Here's another one: Far away dry [cow].


----------



## gengo

Jaja, Metalkid puede echar a la suerte una moneda con tres lados.


----------



## k-in-sc

Wandering JJ said:


> Here's another one: Far away dry [cow].


If the context is foot problems.


----------



## METALKID

Well, thanks everybody. It's like I feel a little bit more uncertain than before. I'd rather toss a coin.
It must refer to a kind of cow on a farm.
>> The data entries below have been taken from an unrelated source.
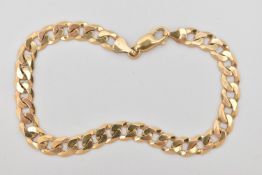 A 9CT GOLD CURB LINK BRACELET, solid links, fitted with a lobster clasp, hallmarked 9ct Sheffield,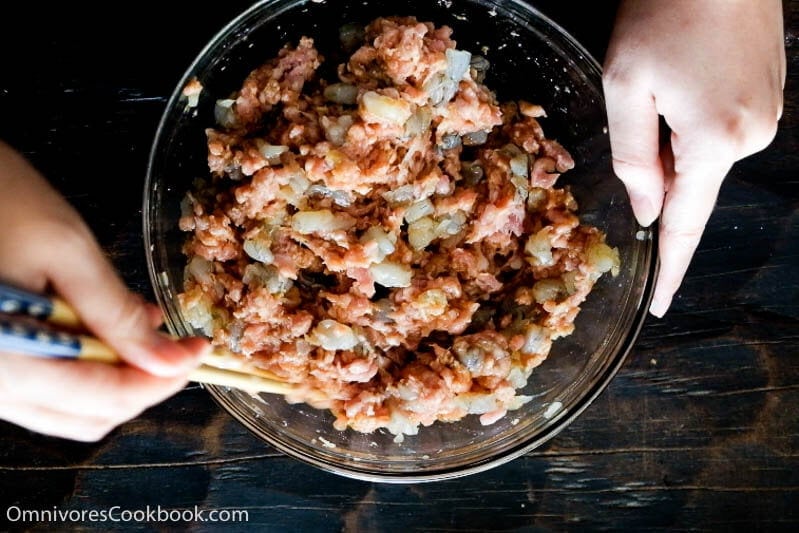 Everything you need to know about making dumpling dough, dumpling filling, workflow, and how to cook and store, with step-by-step photos and video.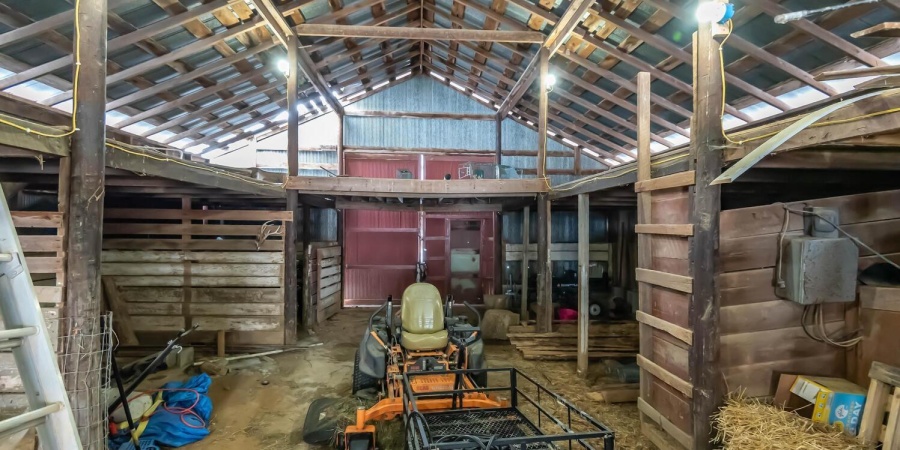 1161 Hollace Chastain Road, Mitchell, Indiana 47446-5968,MLS,202603369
I think I'll take a slant for far away dry cow.


----------



## Agró

FAT cows (vacas gordas)
FAD cows (vacas goddas)
Clarísimo


----------



## k-in-sc

Come on, it means pregnant cows who are not due to calve anytime soon.


----------



## gengo

k-in-sc said:


> Come on, it means pregnant cows who are not due to calve anytime soon.



Hey, I thought Agró's little joke was pretty good.  Are you not in a humorous mood today?  

Here is a good website that discusses FAD and CUD cows.  I agree that this is the correct meaning here.


----------



## METALKID

Thanks everybody


----------



## k-in-sc

gengo said:


> Hey, I thought Agró's little joke was pretty good.  Are you not in a humorous mood today?
> 
> Here is a good website that discusses FAD and CUD cows.  I agree that this is the correct meaning here.


Cows are serious business


----------